Conventional Mortgages: Conforming vs. Nonconforming Loans
There are two types of conventional mortgages out there: conforming loans and nonconforming loans. Here’s a rundown of what you need to know about the differences between the two, and how they can affect your home purchase.
What Is a Conforming Loan?
Conforming loans comply with limits and other requirements set by the federal government. By following these rules, a conforming loan can be backed by Fannie Mae and Freddie Mac, government-sponsored enterprises that guarantee mortgages.
One requirement that’s important to know is the 2022 conforming loan limit, which is $647,200 for a single-family home in most areas. In certain high-cost areas, the limit is $970,800.
Those limits might not be high enough for expensive properties, but conforming loans have other advantages, such as lower interest rates.
What Is a Nonconforming Loan?
Nonconforming loans don’t meet the requirements to be guaranteed by Fannie and Freddie, and are less standardized. As a result, eligibility and pricing can vary greatly depending on the lender.
Other types of nonconforming loans are intended for people with poor credit and typically come with a high interest rate. These mortgages may also have risky features.
Nonconforming loans can be useful for people with complicated finances or who want to purchase an expensive home, or for properties that are difficult to appraise. But there are downsides, including stricter eligibility requirements and a higher level of risk.
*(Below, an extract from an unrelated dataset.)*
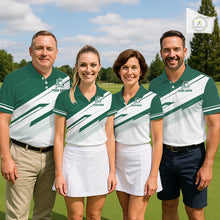Load image into Gallery viewer, Green And White Womens Golf Polo Shirt Custom Name Golf Shirts For Team Personalized Golf Top NHT882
Conforming vs. Nonconforming Loan: Which Is Best for Me?
If you meet the requirements, getting a conforming loan could mean paying a lower interest rate. However, if you’re buying a more expensive home, a conforming loan might not be big enough — in which case you could consider getting a nonconforming loan. Just know that the Consumer Financial Protection Bureau advises people to explore other mortgage options before choosing a nonconforming loan.